> **Problem to solve**: Please output the lines from the one with "Beefy Black Curtain" through the end of the data exactly as written, omitting all pictures.

Start of Input material

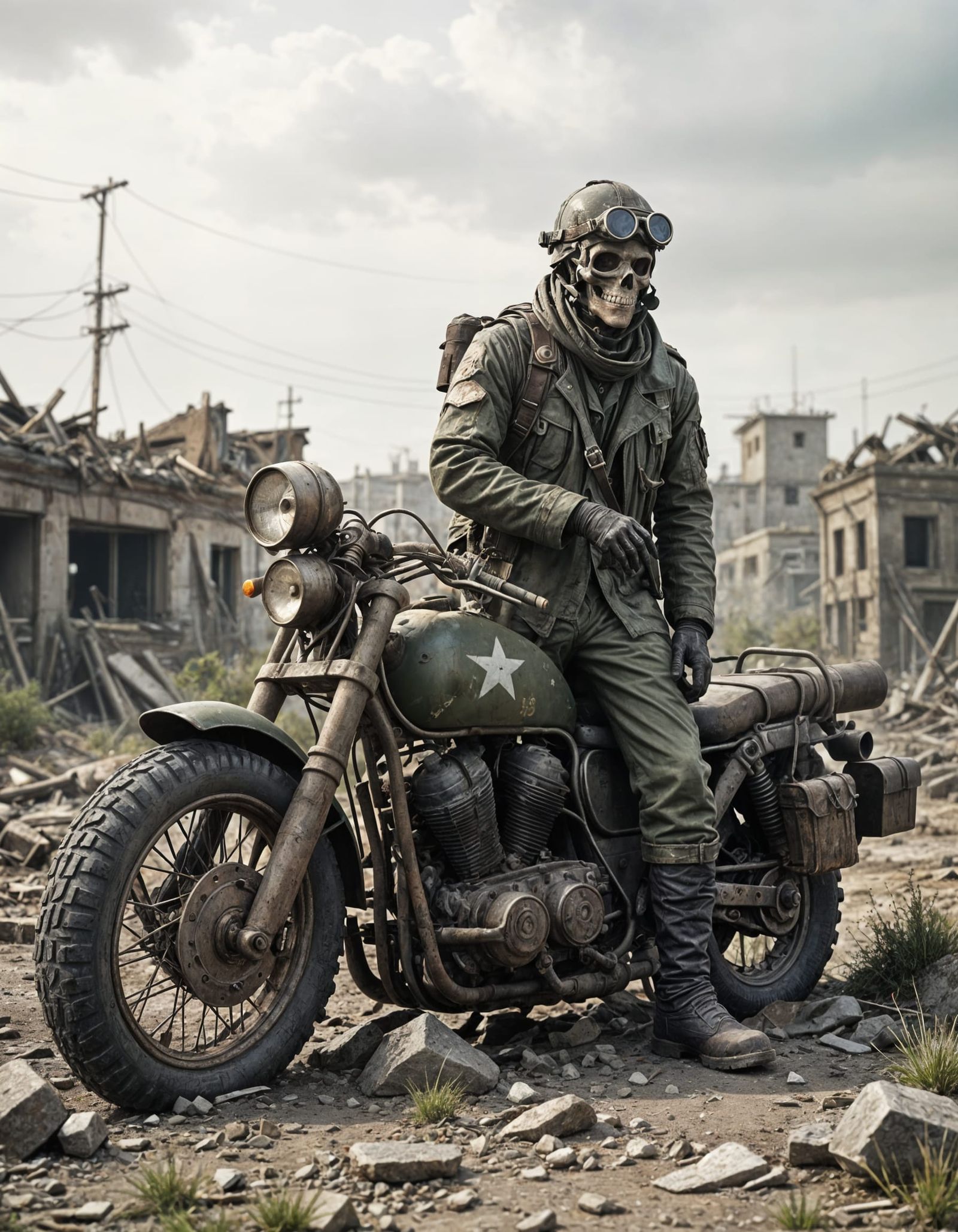Post-Apocalyptic Biker in Military Uniform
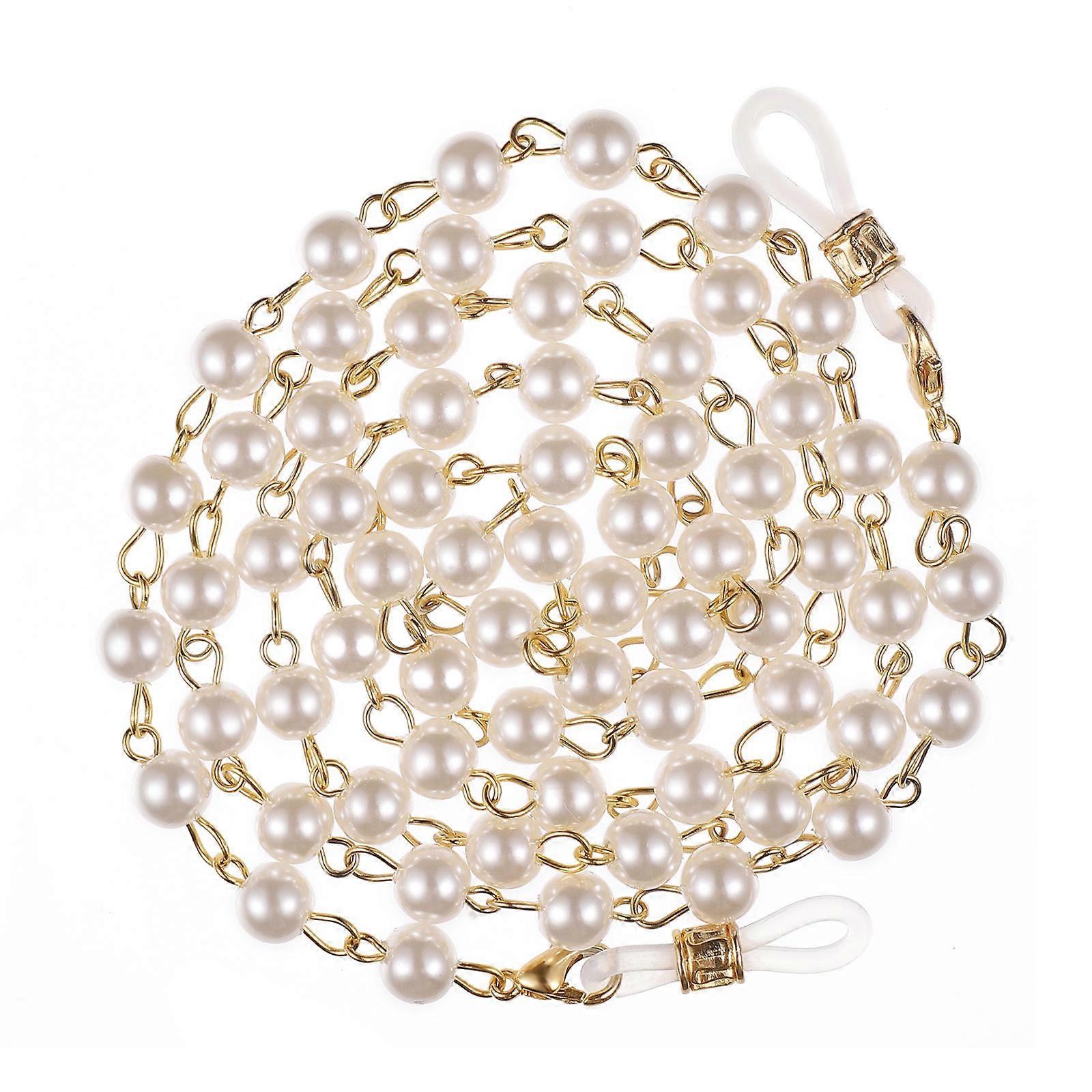 Pearl Beaded Necklace for Glasses Holding Made from Imitation Pearl and Metal White Adjustable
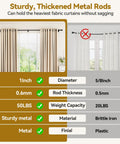 Beefy Black Curtain Rod Set 2 Pack Adjustable 32 To 84 Inches Heavy Duty One Inch Rod With Easy Installation And Wall Brackets Modern Window Treatments showing comparative features.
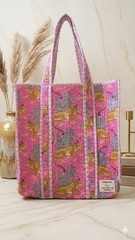 Handmade Leopard Print Tote Bag Pink Quilted Cotton Everyday Shoulder Bag item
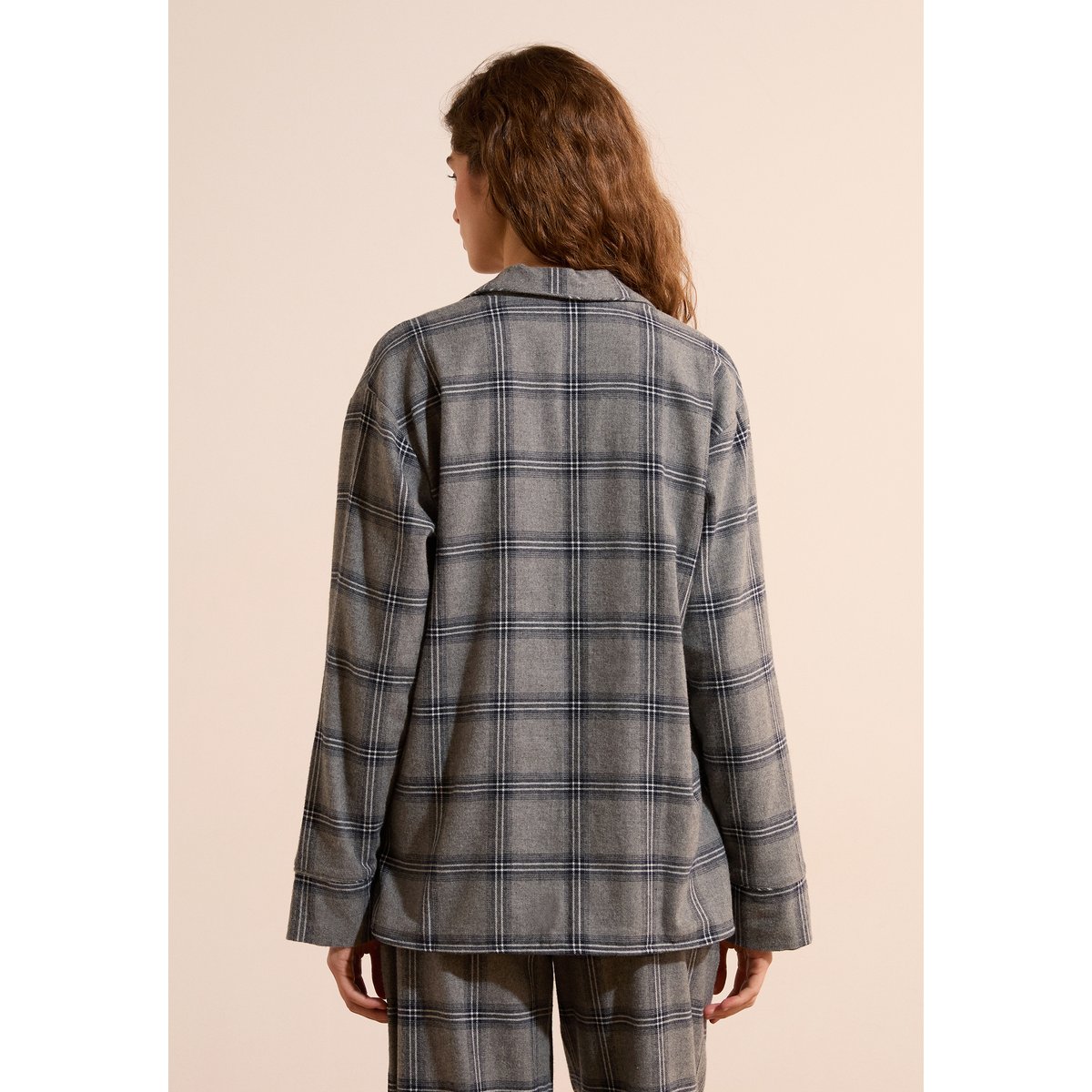 Chemise de pyjama en coton à message brodé BRUNI anthracite, ETAM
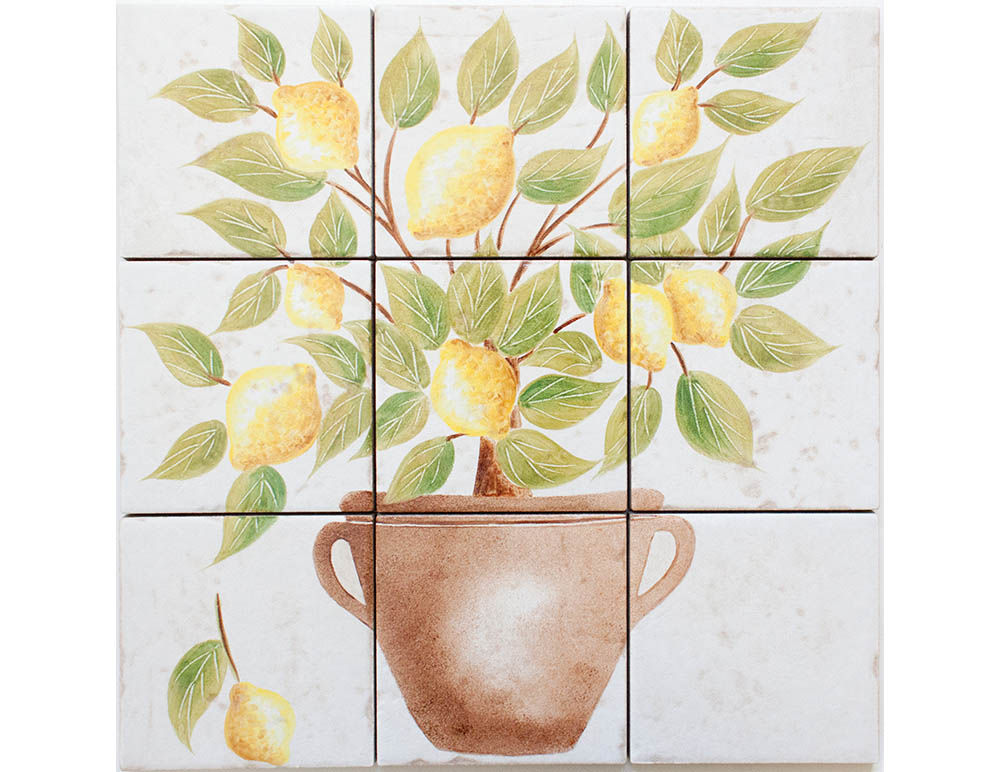 Lemon Tree Hand Painted Tiles Decorum Tiles Paredes y pisos de estilo rural Baldosas y azulejos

End of Input material

> **Exercise solution**:
 Beefy Black Curtain Rod Set 2 Pack Adjustable 32 To 84 Inches Heavy Duty One Inch Rod With Easy Installation And Wall Brackets Modern Window Treatments showing comparative features.
 Handmade Leopard Print Tote Bag Pink Quilted Cotton Everyday Shoulder Bag item
 Chemise de pyjama en coton à message brodé BRUNI anthracite, ETAM
 Lemon Tree Hand Painted Tiles Decorum Tiles Paredes y pisos de estilo rural Baldosas y azulejos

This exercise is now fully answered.